I breathe a sigh of relief when I get his voicemail instead. I quickly spit out the message then ask Clara to reschedule my appointments for the day and make up the excuse that I’m not feeling well.

I bid Clara goodbye on my way out and decide to leave Lyla at daycare until it’s closer to the time I normally pick her up because I need some time alone to think.

How can a man wield that much power over someone? Make them do things they wouldn’t normally do? It’s as if he unleashed a part of me I never even knew existed, and the truth is, I loved every second of it. I loved giving up that control and handing it all over to him, and honestly, I want to do it again.

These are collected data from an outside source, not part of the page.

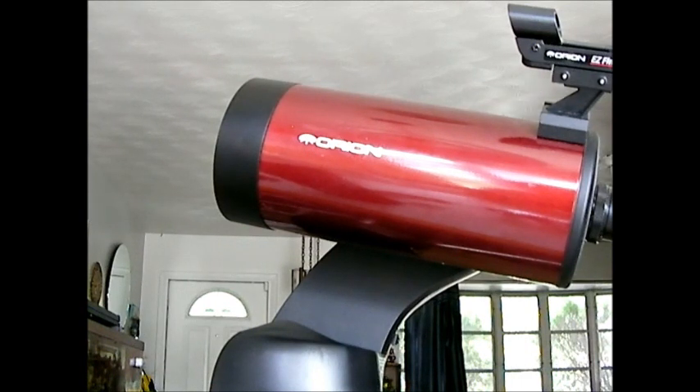I want to do a review of the Orion 127 millimeter Maksutov-Cassegrain telescope. When I first bought this telescope, for the first couple months I was a little unsure if it was really what I wanted — I wasn't really pleased with it. What was happening was when I was taking it out I was getting a lot of blurriness, it was fogging up, and when I was looking at nebulas compared to my reflectors it was not giving me nearly as much detail.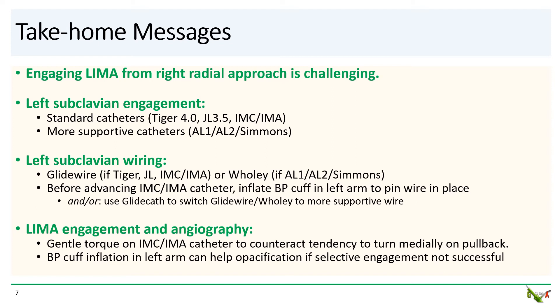Third, once the IM catheter is in the subclavian, LIMA angiography is done per usual technique. But remember that gentle torque on the catheter may sometimes be necessary to counteract the tendency of the catheter to want to rotate medially on pullback. And finally, if selective LIMA engagement is not possible, inflating a blood pressure cuff in the left arm can help with opacification of a non-selective engagement.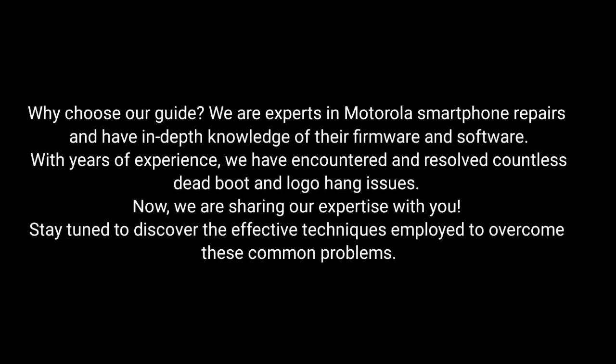Why choose our guide? We are experts in Motorola smartphone repairs and have in-depth knowledge of their firmware and software. With years of experience, we have encountered and resolved countless dead boot and logo hang issues. Now we are sharing our expertise with you. Stay tuned to discover the effective techniques employed to overcome these common problems.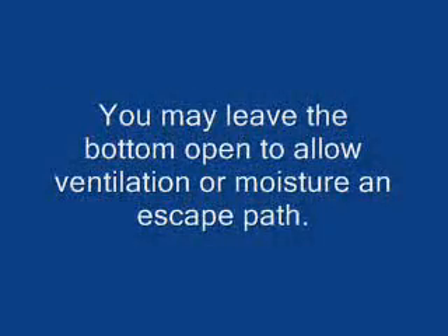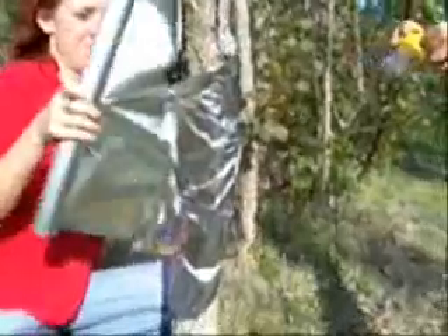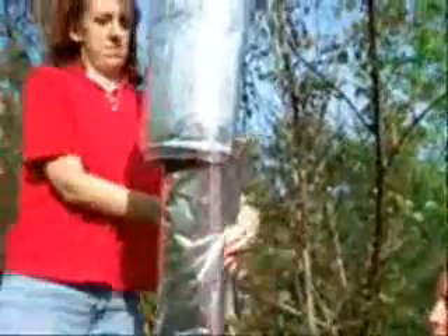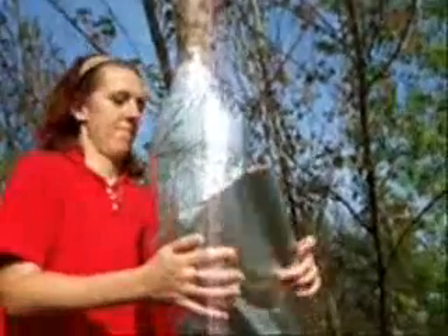You may leave the bottom open to allow ventilation or provide moisture an escape path. More shielding is necessary to prevent the sun from shining on or below the area being measured. The sun can cause large local gradients on the stem which can add or subtract from the temperature changes due to sap velocity. Simply use foil to wrap around the tree above and below the measurement area when needed.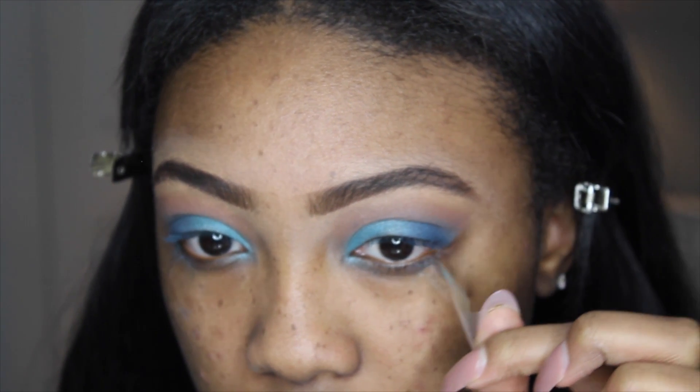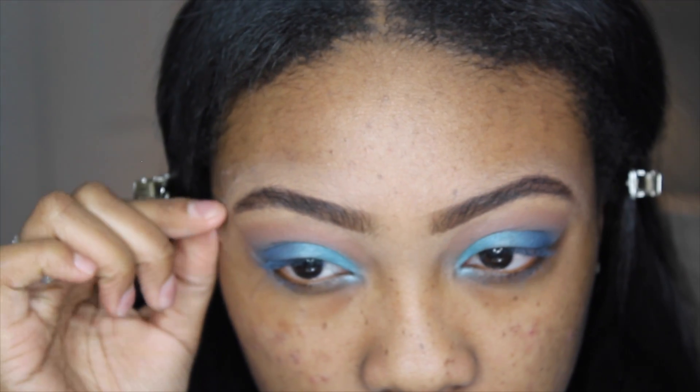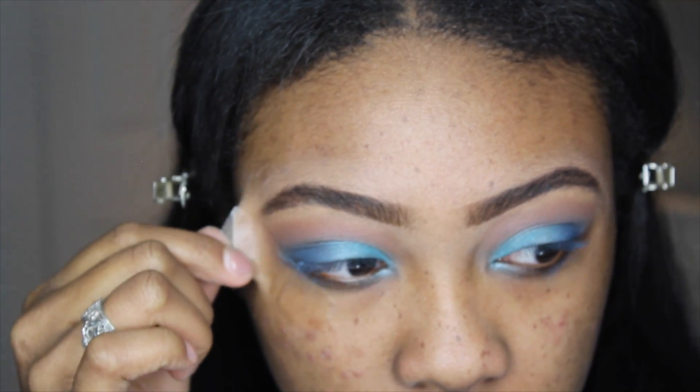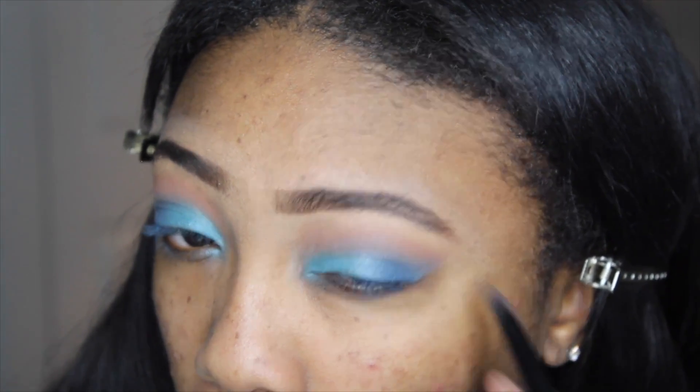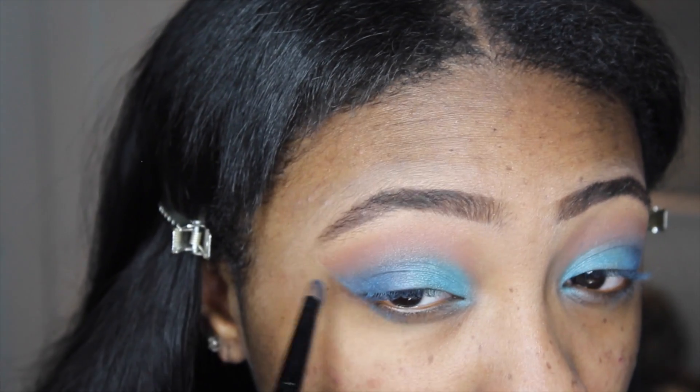At this point you can remove the tape because we're pretty much done with the eyeshadow on the lids. Then just to clean up the sharp line the tape created, I'm going to blend it out a little better with the same eyeshadow brush I used for the dark shadow.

And again and again and again.

My cell phone is ringing before I even leave the parking lot of my office.

It’s him.

My finger hovers over the screen, wanting to hear his voice, but I silence the call instead and turn off my ringer, tossing it in my bag. Why do I feel so guilty for ignoring him? And why does it feel so wrong to want to push him away?

The minute I walk through the door of my condo, I toss my keys in the bowl and head straight for the fridge to pour myself a glass of wine. Day drinking really isn’t my thing but my nerves are shot and I need something to calm me down. I don’t even get the first sip down when there is a pounding at my door.

“I know you’re in there, Marley. Open the door.”

I stand there dumbfounded, wondering how the hell he found me. Flinging open the door, I ask, “How the hell did you know where I live?”

“I’m a cop, remember?” He walks forward and I take a few steps back as he slams the door behind him.

“Asher, please. What happened yesterday should have never happened. I—I don’t know what’s gotten into me.”

“I got into you.”

That’s an understatement.

“You know what I mean. We can’t do this. I could lose my license. My livelihood. I can’t risk that. No matter how much I want you.”